» Data supplied
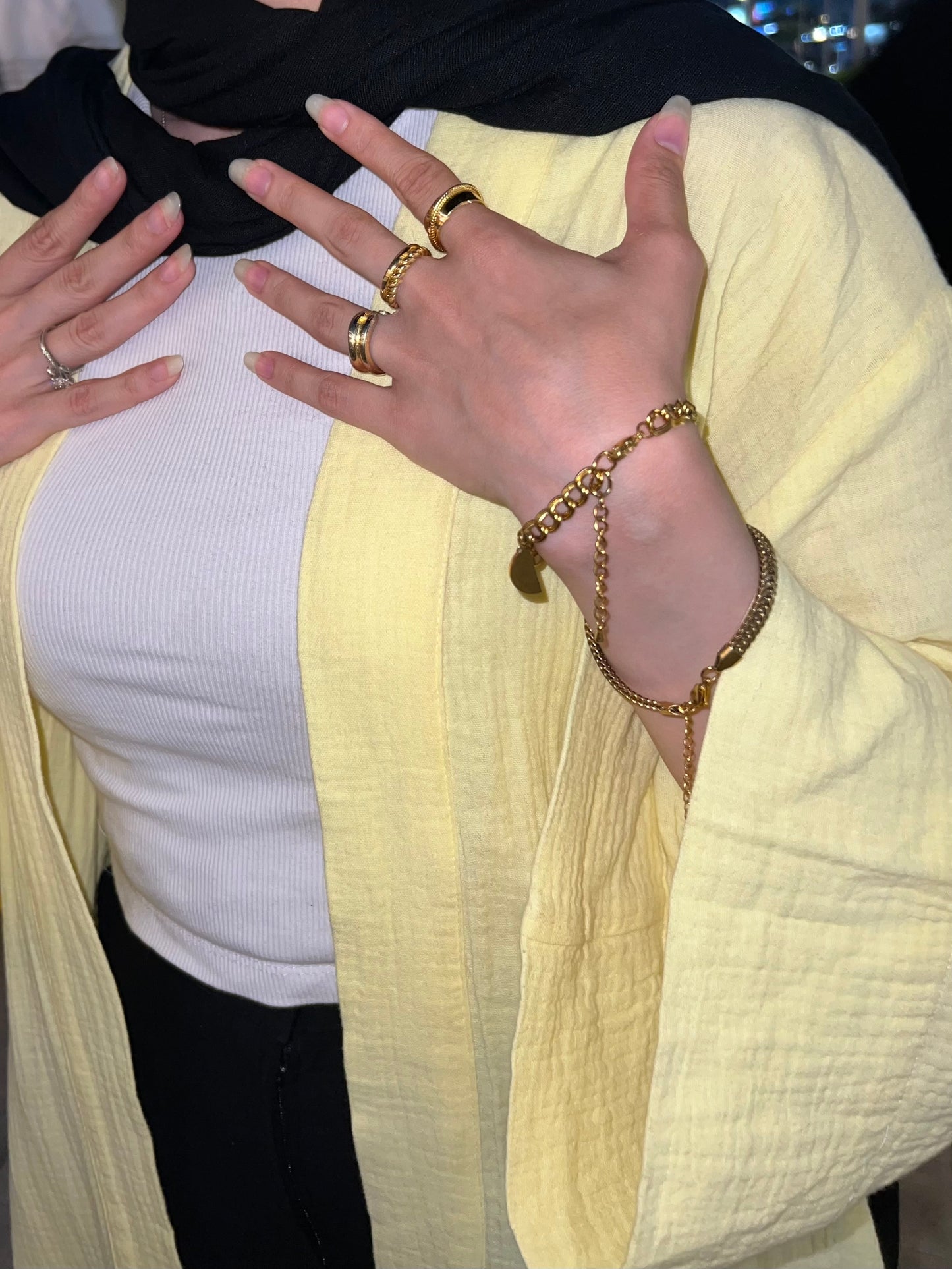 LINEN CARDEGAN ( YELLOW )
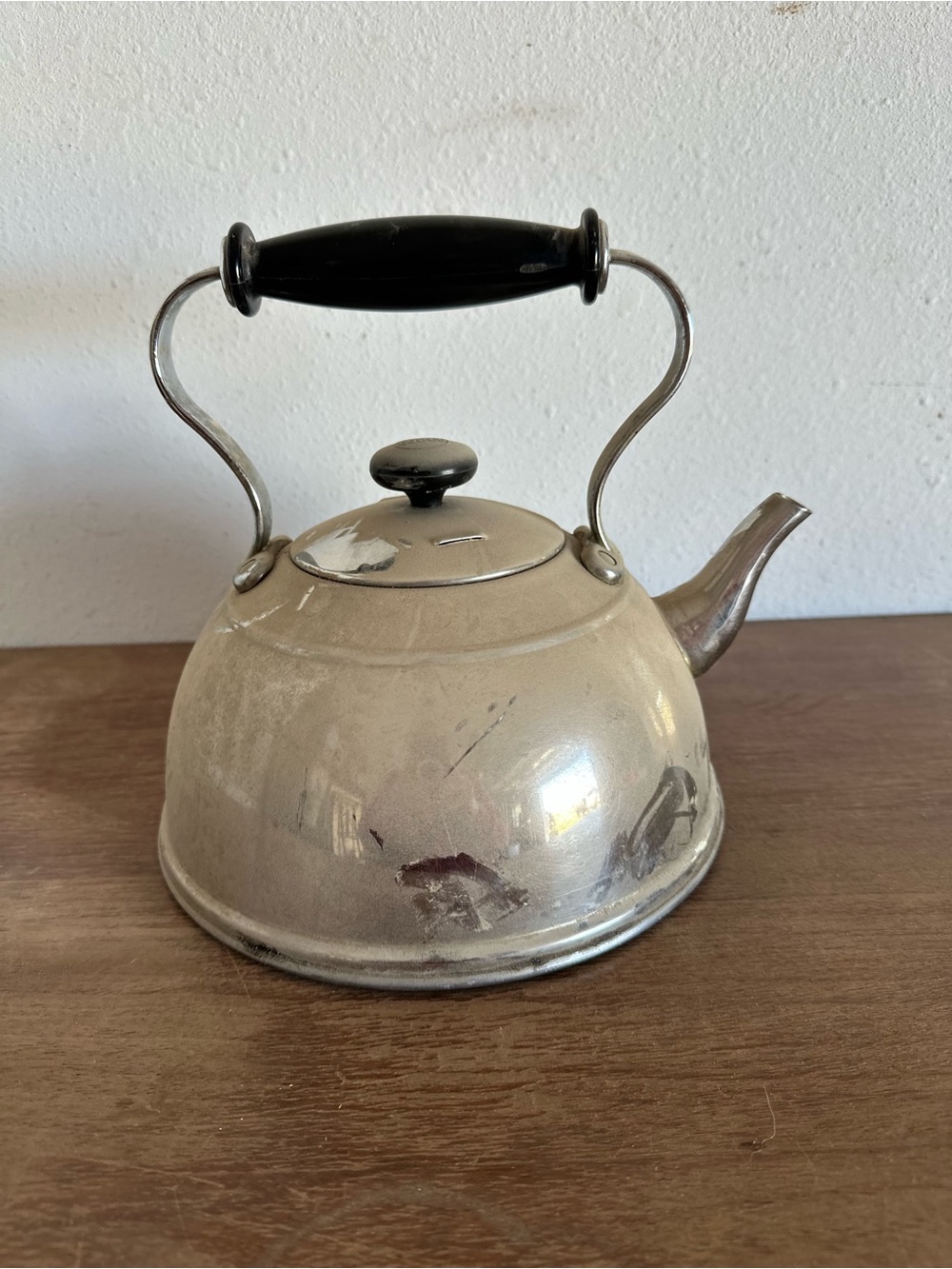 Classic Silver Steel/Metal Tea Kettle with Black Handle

* * *

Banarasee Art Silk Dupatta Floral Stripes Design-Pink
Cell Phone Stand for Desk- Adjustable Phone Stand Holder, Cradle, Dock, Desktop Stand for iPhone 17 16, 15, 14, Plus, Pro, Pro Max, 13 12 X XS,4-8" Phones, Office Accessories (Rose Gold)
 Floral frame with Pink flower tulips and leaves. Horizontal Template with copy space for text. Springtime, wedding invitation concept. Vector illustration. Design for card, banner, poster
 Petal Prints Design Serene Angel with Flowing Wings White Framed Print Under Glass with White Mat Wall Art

» Problem to work on
Starting at the line that has "Cell Phone Stand" in the records above, restate word for word every line until the one that has "Petal Prints Design", and include that one as well.

» Answer to this problem
Cell Phone Stand for Desk- Adjustable Phone Stand Holder, Cradle, Dock, Desktop Stand for iPhone 17 16, 15, 14, Plus, Pro, Pro Max, 13 12 X XS,4-8" Phones, Office Accessories (Rose Gold)
 Floral frame with Pink flower tulips and leaves. Horizontal Template with copy space for text. Springtime, wedding invitation concept. Vector illustration. Design for card, banner, poster
 Petal Prints Design Serene Angel with Flowing Wings White Framed Print Under Glass with White Mat Wall Art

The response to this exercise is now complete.